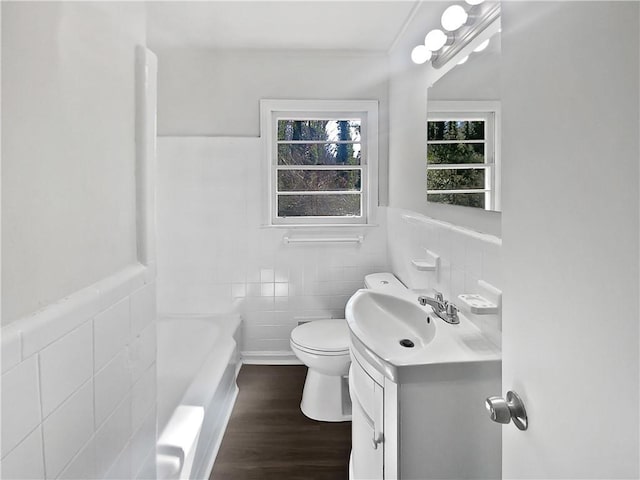 bathroom featuring hardwood / wood-style floors, tile walls, vanity, a washtub, and toilet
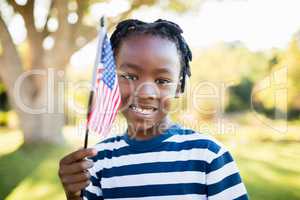 happy child showing usa flag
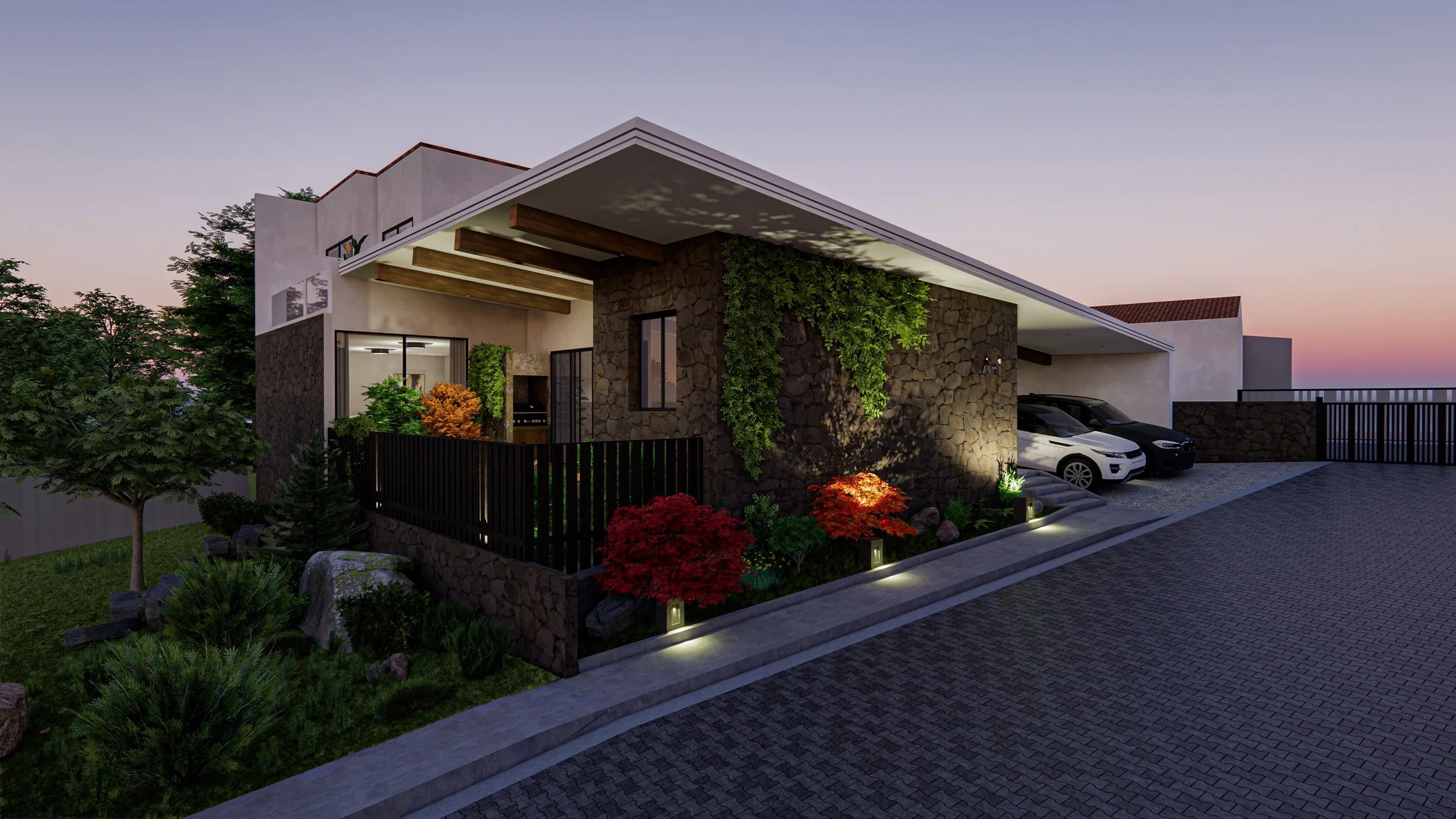 Modern house with stone and stucco exterior, landscaped garden with trees and shrubs, driveway with parked cars, and sunset sky in the background.
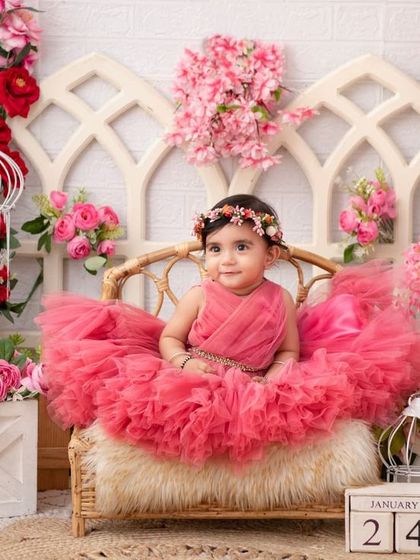 A royal portrait. Seated on her wicker throne amidst a sea of pink flowers, this little girl is the queen of her castle.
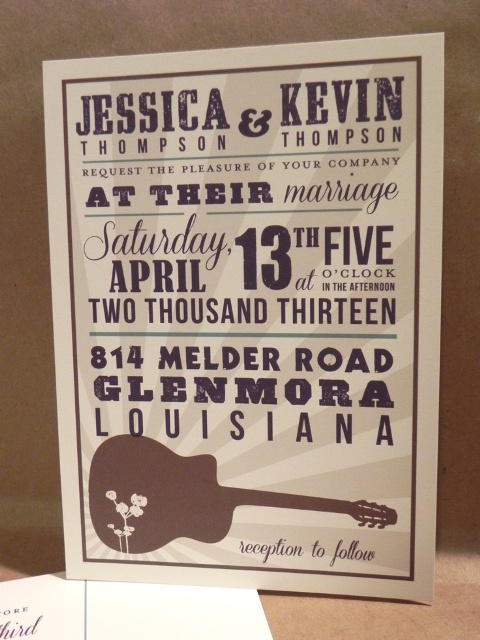 a wedding sign with printing and a guitar is a lovely and cool idea to rock, it will show what you like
········
# Task instructions
Each entry is to be given again exactly as it stands, with its pictures removed.

# Task output
 bathroom featuring hardwood / wood-style floors, tile walls, vanity, a washtub, and toilet
 happy child showing usa flag
 Modern house with stone and stucco exterior, landscaped garden with trees and shrubs, driveway with parked cars, and sunset sky in the background.
 A royal portrait. Seated on her wicker throne amidst a sea of pink flowers, this little girl is the queen of her castle.
 a wedding sign with printing and a guitar is a lovely and cool idea to rock, it will show what you like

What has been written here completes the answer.